After a friend’s post on Facebook quoted a line of dialogue, I was reminded of a scene in Steven Spielberg’s “Hook,” in which Williams played an adult Peter Pan who returns to Neverland in search of his kidnapped children. He’s a sad man with a broken spirit, on his knees in the sanctuary of the Lost Boys. One of the children removes Peter’s glasses and touches his face, finally turning up the corners of his mouth. The child sees the ghost of a smile on the man’s face and says, “Oh, there you are, Peter!”

Or the scene in “Bicentennial Man,” an often overlooked gem of a movie in which Williams played a robot that longed to become human. “To be acknowledged for who and what I am, no more, no less. Not for acclaim, not for approval, but the simple truth of that recognition. This has been the elemental drive of my existence, and it must be achieved, if I am to live or die with dignity.”

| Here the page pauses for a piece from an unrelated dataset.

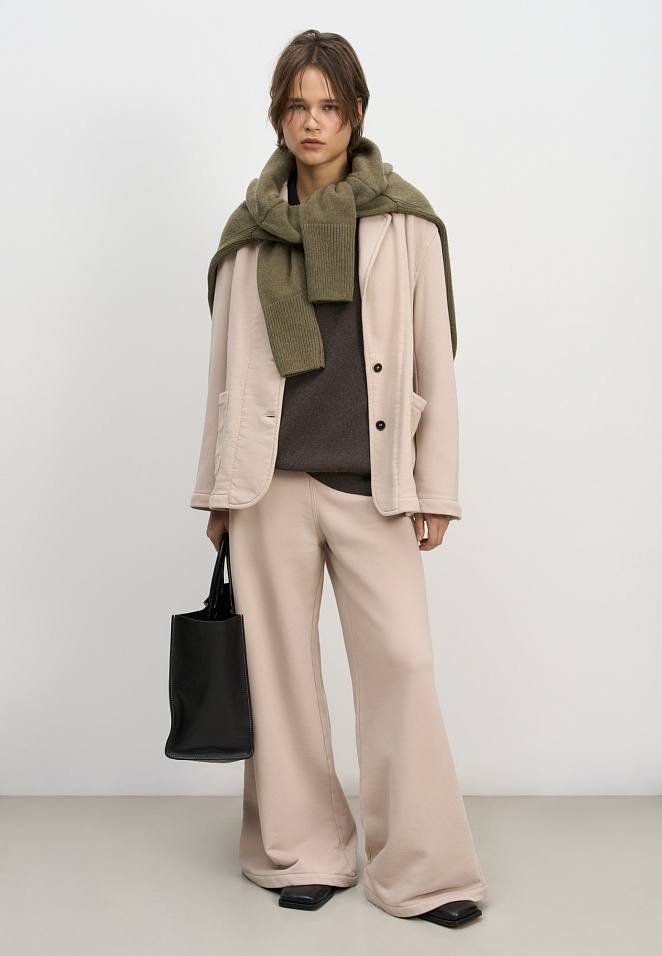 Жакет из 100% хлопка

In his too-short life, Williams earned the acclaim, the recognition, even the approval. So many times, the wonder of his talent, his lightning wit, his giving spirit were acknowledged. But the mystery and terror of his condition didn’t allow him to internalize the love, left him perhaps feeling like a sham, not even a whole human being.

He said in interviews that addiction robbed him of his dignity, and the manner of his death has robbed him of it once again. Just as it has robbed all of us who were children getting laughs in the classroom by repeating Mork’s jokes from the night before, or who laughed until we cried while listening to his album, “Reality: What a Concept,” or who were moved by his performance in “The Fisher King.”

If this loss is to mean anything, and though we may never understand, we must never give up.